Development Of Lakmé
At a time when make-up was thought of taboo in India, as solely girls with a ‘tainted character’ had kohl-rimmed eyes and ruby crimson lips, the burgeoning model wanted a method that will assist the merchandise make inroads throughout all varieties of households.
That is when Simone Naval Tata stepped in. The Swiss-born spouse of Naval H. Tata took on the Herculean process of redefining magnificence within the Sixties. Her inherent ardour for elegant attires and unique make-up manufacturers did assist in scaling the method.
“In my visits overseas I used to gather samples and provides them to a chemist to benchmark. I had a really modern cousin in Paris…After I went to Paris and my father gave me cash for attire I didn’t purchase them. As a substitute, I went to magnificence parlours with my cousin to be taught to do skilled make-up: tips on how to care for skins, textures, and so on. In different phrases, I studied cosmetics. One factor led to a different. It was all an evolution,” Simone told Rediff in a 2007 interview.
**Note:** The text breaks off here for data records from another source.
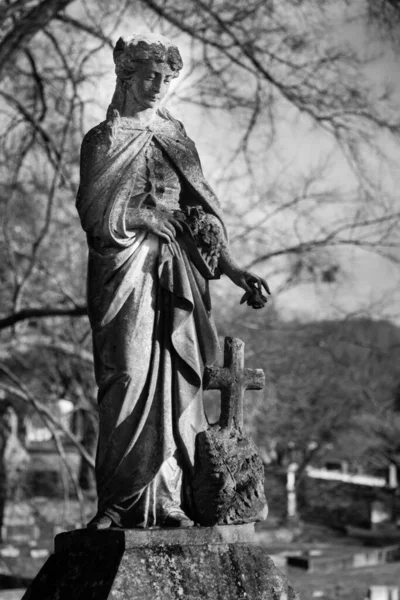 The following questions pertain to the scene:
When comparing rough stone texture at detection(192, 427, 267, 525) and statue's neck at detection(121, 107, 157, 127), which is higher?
statue's neck at detection(121, 107, 157, 127)

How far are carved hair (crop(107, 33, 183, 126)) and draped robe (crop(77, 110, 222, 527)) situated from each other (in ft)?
0.68

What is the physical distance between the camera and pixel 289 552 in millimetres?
22625

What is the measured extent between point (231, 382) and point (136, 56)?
5.85ft

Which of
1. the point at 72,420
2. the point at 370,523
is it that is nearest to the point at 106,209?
the point at 72,420

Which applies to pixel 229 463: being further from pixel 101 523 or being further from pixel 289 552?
pixel 289 552

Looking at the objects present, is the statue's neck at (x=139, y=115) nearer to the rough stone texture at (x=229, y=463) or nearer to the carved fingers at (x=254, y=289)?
the carved fingers at (x=254, y=289)

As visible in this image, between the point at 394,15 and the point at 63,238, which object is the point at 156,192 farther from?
the point at 63,238

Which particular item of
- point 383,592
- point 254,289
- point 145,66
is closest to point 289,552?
point 383,592

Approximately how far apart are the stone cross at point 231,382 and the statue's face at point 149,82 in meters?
1.36

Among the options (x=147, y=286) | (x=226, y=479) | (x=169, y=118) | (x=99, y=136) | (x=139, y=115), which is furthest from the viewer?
(x=169, y=118)

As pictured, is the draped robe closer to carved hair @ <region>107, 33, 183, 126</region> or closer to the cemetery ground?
carved hair @ <region>107, 33, 183, 126</region>

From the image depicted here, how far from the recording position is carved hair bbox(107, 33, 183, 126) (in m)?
5.97

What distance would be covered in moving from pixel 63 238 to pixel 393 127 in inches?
257

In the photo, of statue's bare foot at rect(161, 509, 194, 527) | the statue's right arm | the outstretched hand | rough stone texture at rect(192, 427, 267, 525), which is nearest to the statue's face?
the statue's right arm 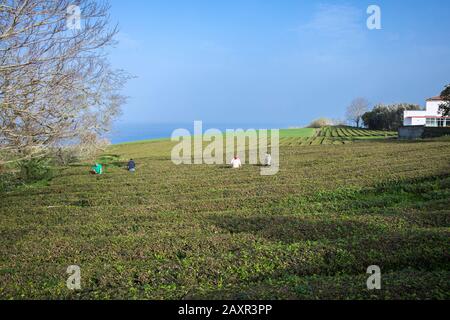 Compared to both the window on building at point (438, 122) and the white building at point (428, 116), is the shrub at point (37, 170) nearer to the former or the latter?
the window on building at point (438, 122)

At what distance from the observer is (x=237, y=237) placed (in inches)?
474

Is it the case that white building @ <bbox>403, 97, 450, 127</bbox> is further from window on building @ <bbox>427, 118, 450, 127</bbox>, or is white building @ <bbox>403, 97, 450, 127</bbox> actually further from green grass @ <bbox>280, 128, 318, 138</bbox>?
green grass @ <bbox>280, 128, 318, 138</bbox>

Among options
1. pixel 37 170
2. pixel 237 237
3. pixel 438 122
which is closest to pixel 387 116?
pixel 438 122

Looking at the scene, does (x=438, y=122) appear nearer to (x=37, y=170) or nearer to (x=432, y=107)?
(x=432, y=107)

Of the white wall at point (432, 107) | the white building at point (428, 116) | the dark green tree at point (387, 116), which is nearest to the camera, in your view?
the white building at point (428, 116)

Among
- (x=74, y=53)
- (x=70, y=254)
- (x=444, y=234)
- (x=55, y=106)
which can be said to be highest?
(x=74, y=53)

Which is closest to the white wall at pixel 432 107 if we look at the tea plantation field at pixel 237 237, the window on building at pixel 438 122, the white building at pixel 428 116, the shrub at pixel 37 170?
the white building at pixel 428 116

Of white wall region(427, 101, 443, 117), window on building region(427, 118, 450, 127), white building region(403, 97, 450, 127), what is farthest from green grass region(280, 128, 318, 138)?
white wall region(427, 101, 443, 117)

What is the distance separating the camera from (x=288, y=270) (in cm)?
905

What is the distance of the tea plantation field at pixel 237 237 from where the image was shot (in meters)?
7.94

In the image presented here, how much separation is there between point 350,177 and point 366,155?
12.8 m

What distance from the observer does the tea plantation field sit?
313 inches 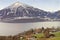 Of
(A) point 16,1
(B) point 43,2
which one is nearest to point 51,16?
(B) point 43,2

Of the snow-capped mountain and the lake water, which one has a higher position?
the snow-capped mountain

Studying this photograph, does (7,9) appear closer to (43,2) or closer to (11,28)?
(11,28)

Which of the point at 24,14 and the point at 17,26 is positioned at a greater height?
the point at 24,14

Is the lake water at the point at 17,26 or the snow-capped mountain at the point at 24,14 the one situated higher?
the snow-capped mountain at the point at 24,14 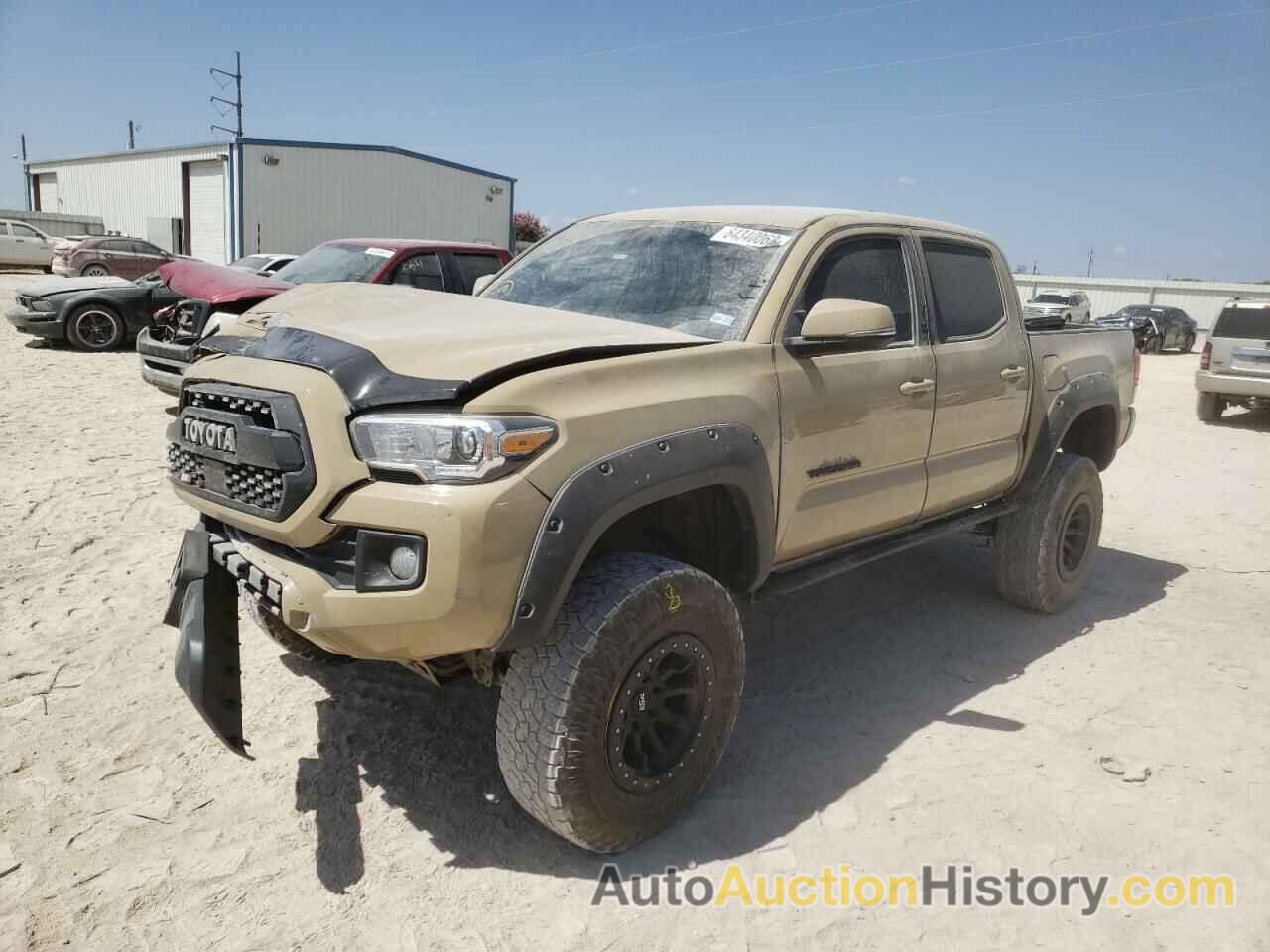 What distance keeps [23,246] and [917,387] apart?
103ft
Regardless of having the experience and devoted employees, the journey was not straightforward. Issues received difficult within the ’80s when the federal government levied a 100 per cent excise obligation on beauty merchandise, together with the domestically manufactured ones. This led to a drop in margins.
In keeping with a Vogue article, Simone met the then finance minister, Dr Manmohan Singh, to resolve the problem. So, he informed her to deliver signatures of people that felt such a excessive excise obligation was unfair. And he or she did. Within the succeeding Union Finances meet, the excise obligation was diminished.
What Made Lakmé Acceptable
Simone was instrumental in introducing many of the Lakmé merchandise, like mascara, face powder, lipstick, basis lotions, compacts, nail enamel, toners, and extra.
Apart from being reasonably priced, the corporate additionally focussed on making a model picture by way of its aggressive advertising and marketing methods.
Actually, their very first commercial was an amalgamation of modernity and Indianness. The model’s first face was supermodel Shyamoli Verma, a heartthrob within the ’80s. The corporate needed a well-recognized face of their academic marketing campaign, which geared toward breaking the social taboo round cosmetics.

Adorned with Lakmé make-up, she performed Indian musical devices just like the sitar and flute, and a tagline learn — ‘If color be to magnificence what music is to temper, play on’.
After this, they leveraged India’s fandom for Bollywood beauties and roped in actresses just like the ever swish Rekha, and later, the 1994 Miss World, Aishwarya Rai Bachchan, to be model ambassadors.
Lakmé At Current
The Tatas offered Lakmé to Hindustan Unilever, the quickly rising firm within the FMCG sector in 1996. At this time, the corporate has over 300 various merchandise which can be offered in additional than 70 nations worldwide.
Their large value vary, ranging from Rs 100 to the most costly ones at Rs 1,000, caters to each form of viewers.

Regardless of the cut-throat competitions from homegrown in addition to worldwide beauty manufacturers, Lakmé has managed to thrive within the business over time. It’s most likely a kind of manufacturers which have remodeled society in additional methods than one.
As for my aunt, Meeta, Lakmé is her go-to model even right this moment. Through the years she has seen it grown and accepted in society. And whereas many mistakenly related the 70-year-old homegrown model as ‘overseas’, for her, it’s going to all the time be a patriotic reward.